There’s steak and eggs but IME, that’s not exactly common. How did pork and poultry (via eggs) come to dominate American breakfasts?

I know that there’s corned beef hash, but at least in my part of the country (which happens to be beef country), it’s rare to see it on a menu.

Chicken-fried steak would like a word.

I love chicken fried steak but it’s not nearly as common as sausage, bacon, or ham.

Pork is significantly cheaper

Because beef is what’s for dinner.

I suppose beef sausages are a thing. I like steak and eggs, and the occasional fast food breakfast sandwich features steak. But you are right, it is rare. But so is breakfast chicken, in most places. But not eggs.

My guess would be that beef is, historically, prestige food, and the prestige meal is dinner.

I guess it depends on your situation. When I was growing up, we raised our own beef. Dad hunted, so we had venison too. It was a special meal for us if we had pork, because we had to drive to town (100 mile round trip) to buy it.

At least steak and eggs is a thing.

It’s even odder to me that I can’t think of a single common chicken item for breakfast. (With the exception of eggs, of course, but if you’re going to broaden your definition that much then you have to consider any dairy product to be related to beef.)

Maybe it’s less that beef is uncommon, but more that pork is the dominant protein for breakfast. Ham, sausage, bacon…

The Scots have Lorne sausage:

Homemade Square Scottish Sausage - Mum Grub.

I Love bacon. If I wanted to make my stove greasy, I would have it…i actually have a bit of iced coffee and cake for breakfast.

I assume it’s because bacon or pork sausage was very inexpensive a hundred years ago? Beef was more costly and served at the main meal.

I’ve heard pork chops used to be a breakfast favorite. The thin ones fried in a skillet. We always saved them for dinner.

All that pork led to shocking discoverys. Killed soldiers from WWII already showed partially blocked arteries at 18-25 years old.

I still see them sold as “Breakfast Chops.”

I like the breakfast chops better than the thicker pork chops. The thin ones fry up better and taste better.

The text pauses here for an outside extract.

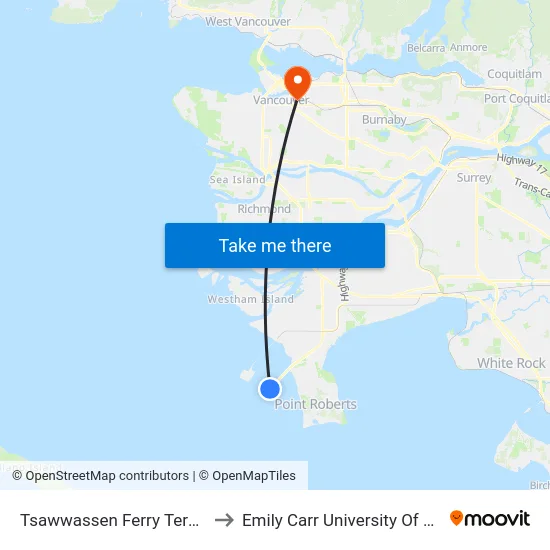 Tsawwassen Ferry Terminal @ Bay 2 to Emily Carr University Of Art And Design map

I always thought ham was fairly low fat. Until my gall bladder surgery. Geez, a ham sandwich tears me up. The gall bladder is needed to digest fat.

And unless I am eating cereal and prunes- that is my first choice. If I go out for breakfast- that is what I am gonna order.

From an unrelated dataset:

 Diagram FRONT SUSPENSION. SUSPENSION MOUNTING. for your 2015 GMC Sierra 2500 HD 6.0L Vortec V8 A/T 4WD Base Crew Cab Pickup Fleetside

Well, except at that one place in Santa Maria that had gourmet bacon made to order for them. Then we called it “going out for bacon”- bacon and eggs, bacon and pancakes, bacon and gravy or biscuits, etc etc- you get my drift.

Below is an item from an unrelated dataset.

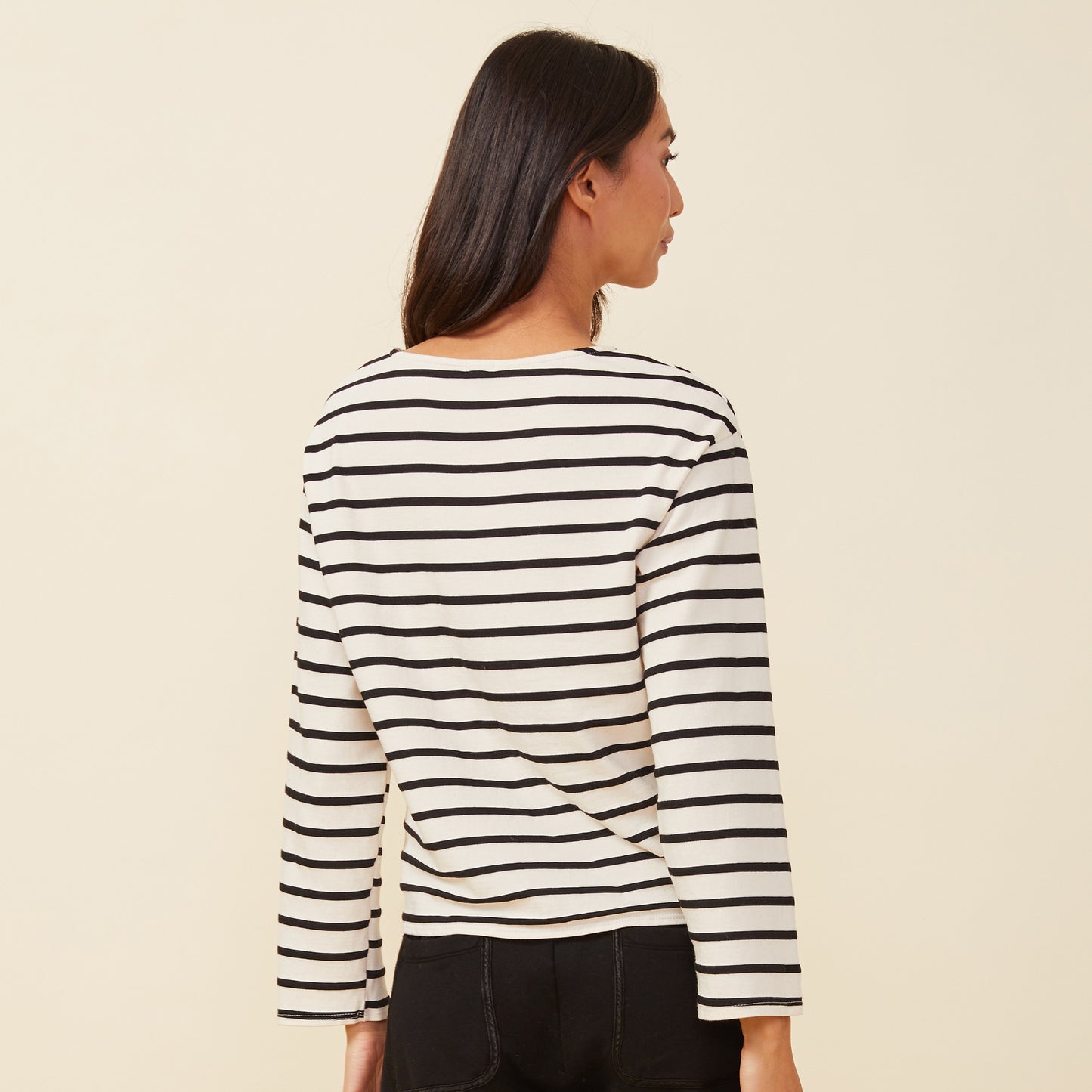 Stripe Boat Neck Long Sleeve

I dont know how common it is in mainstream Amurikkah, but if we have meat at breakfast it’s almost always chicken sausage, turkey bacon, or corned beef hash.

Chicken and waffles is getting to be fairly common.

These are almost exclusively the meats on breakfast menus around these here parts. Occasionally hamburger patties or chicken-fried steaks, and rarely chicken. The locally-sourced pork sausage in this area is so good that there’s no reason to offer anything else.

That’s it, I believe. As a kid, all the breakfast meats were pork, and beef, in particular steaks, were something special reserved for particularly notable meals. So steak & eggs was for example, something I first read about being fed to astronauts before launch. Or as something people got on special occasion breakfasts. We certainly never had it at home. And steaks were something that we had on occasion, but only for dinner.

So I’m guessing that the genesis of those attitudes was probably something from a century or two before that, when pork was considerably cheaper than beef, and every farmer might have had some pigs and chickens.

True, but I don’t think I’ve ever had that for breakfast.